Talk us through your journey into becoming a makeup artist?
At the age of 12 I knew I wanted to be a makeup artist. I’m not sure where this idea had come from as it was before social media and before when professions like this were common knowledge. My mother has always had immaculate makeup and to this day will still wear a full eye shadow look and winged eyeliner, every day. She would spend an hour in the morning on her make-up and I used to watch transfixed. At 13 I went to an evening course at my local beauty college in bridal makeup. I was the youngest there by ten years and it was my first time doing makeup on other people and I loved every moment of it, but I knew there was so much more to makeup than that.
I did my work experience at the iconic Charles Fox makeup store in Covent Garden and it was there that my eyes were opened to the world of creative makeup. When I left school, I went on to study theatrical makeup, special effects, and body painting and did a short private course focusing on fashion and editorial make-up. It was here where I learnt the art of perfection. Our teacher wasn’t pulling any punches and would pick apart every bit of the makeup look that wasn’t perfect. It resulted in a lot of tears from the the other students but I relished the challenge. One day, he came over to check my finished makeup look and didn’t say a word, just nodded in approval and moved on — I was absolutely elated. I went on to assist some amazing makeup artists and slowly built my own clientele.
What’s one beauty item that you can’t live without?
What’s your advice to young creatives who want to break into the beauty industry?
Assist, assist, assist. You will learn so much from the established artist, not only make-up skills, but how to conduct yourself on set and how to prep for the shoot. It’s also a great way to meet other creatives who are also assisting so you can test together and build up your portfolio.
What’s the future of beauty?
I hope the future of beauty is less about perceived perfection and more about feeling comfortable in your skin and expressing your individuality. Less about covering up and more about showing off. With knowledge readily available and skincare tech becoming more accessible for the consumer at home, I think we will all be our own beauty expert.
Where’s your favourite place in London for gathering inspiration?

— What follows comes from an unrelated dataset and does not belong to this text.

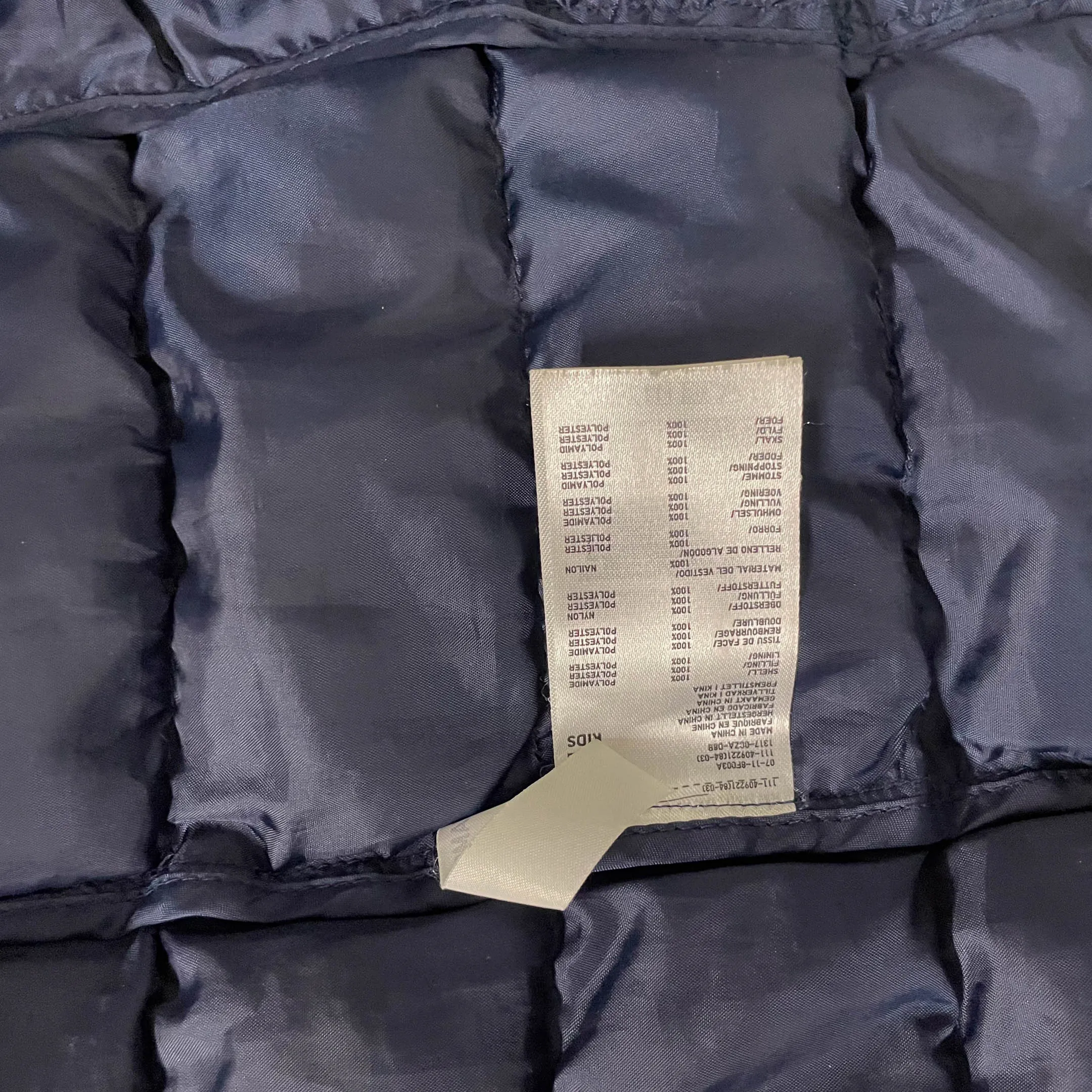 Vintage Uniqlo Kids puffer padded navy sleeveless jacket in S| 9-13YRS| SKU 3740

The street! I love walking around London and people-watching. Brick Lane used to be such a huge source of inspiration and a hub of creativity. It was an area of misfits and creatives whether it was a Tuesday morning or a crazy club night at the weekend, people turned out looks. Creative pockets in London are constantly moving and evolving and places like Dalston, Portabello, Camden and Peckham have always had interesting and inspiring characters.
Where’s the best place in London to get beauty products?
For my kit I love places like Guru Emporium, Charles Fox and Tilt Makeup as they have such an array of products for creative makeup but I also love Space NK for luxury-led beauty.
What’s a song that gets you in the MUA mood?
I wouldn’t say there are specific songs that get me in the makeup mood but I certainly play music that corresponds with the makeup I’m planning to do as it not only helps inspire me but also gets the model in the right mood and character for the shoot.
What’s a film that inspires your practice?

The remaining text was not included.